*** Opening of Material shown ***
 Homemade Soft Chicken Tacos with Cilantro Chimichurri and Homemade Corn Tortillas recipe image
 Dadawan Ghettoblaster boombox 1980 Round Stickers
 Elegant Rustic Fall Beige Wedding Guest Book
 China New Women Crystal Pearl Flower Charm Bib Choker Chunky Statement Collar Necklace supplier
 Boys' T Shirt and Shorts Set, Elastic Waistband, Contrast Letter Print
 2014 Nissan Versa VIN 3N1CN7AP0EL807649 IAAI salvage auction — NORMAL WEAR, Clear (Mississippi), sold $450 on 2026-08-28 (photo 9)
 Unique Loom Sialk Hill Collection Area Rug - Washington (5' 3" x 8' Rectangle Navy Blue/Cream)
*** Close of Material shown ***
*** Opening of Material shown ***
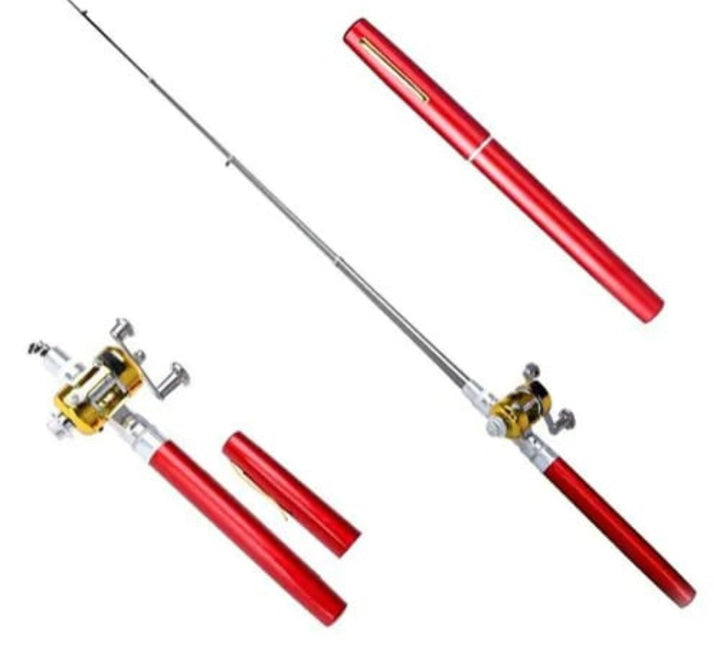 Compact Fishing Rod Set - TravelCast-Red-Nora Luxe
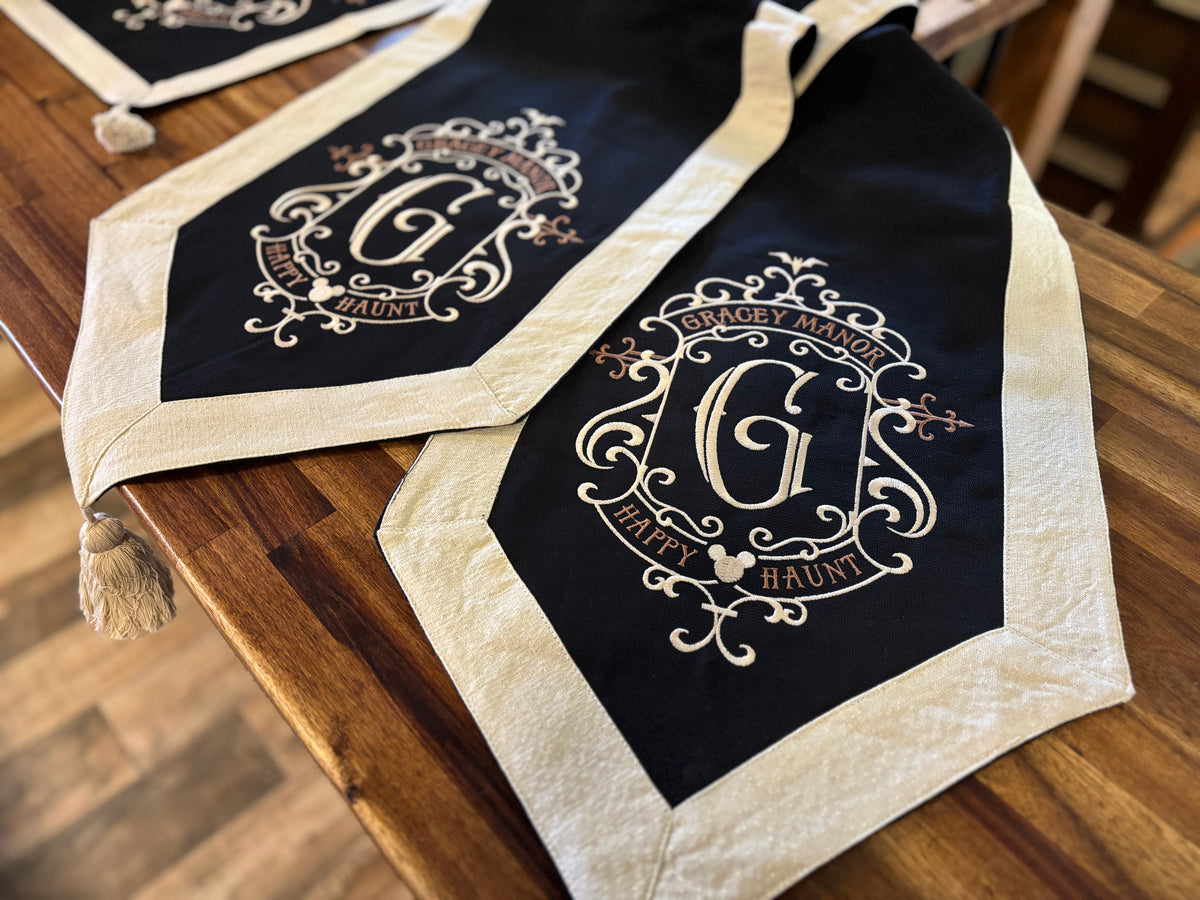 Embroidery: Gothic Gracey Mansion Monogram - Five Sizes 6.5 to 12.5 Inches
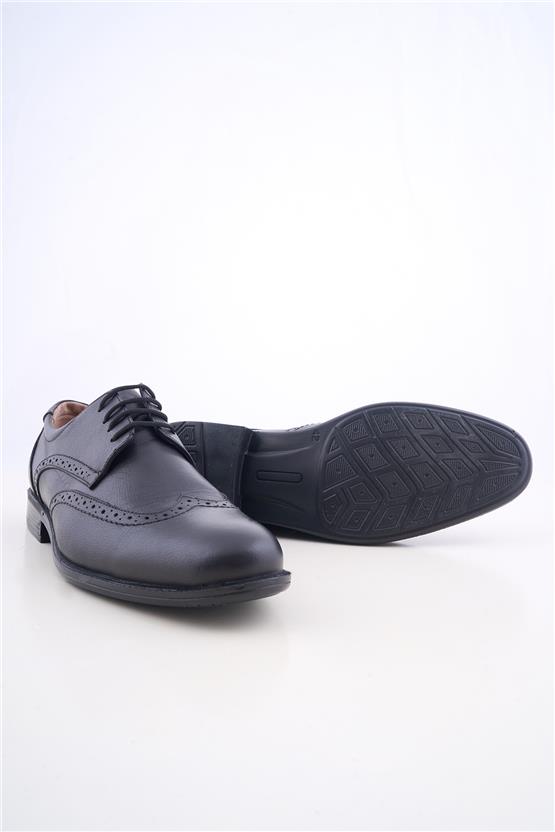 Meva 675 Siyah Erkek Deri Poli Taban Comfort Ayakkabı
*** Close of Material shown ***
◆ Required action ◆
Find the line with "China New Women" in the entries above. Retype it and each line after it, exactly, through the line with "2014 Nissan Versa", and stop there.

◆ Problem solution ◆
 China New Women Crystal Pearl Flower Charm Bib Choker Chunky Statement Collar Necklace supplier
 Boys' T Shirt and Shorts Set, Elastic Waistband, Contrast Letter Print
 2014 Nissan Versa VIN 3N1CN7AP0EL807649 IAAI salvage auction — NORMAL WEAR, Clear (Mississippi), sold $450 on 2026-08-28 (photo 9)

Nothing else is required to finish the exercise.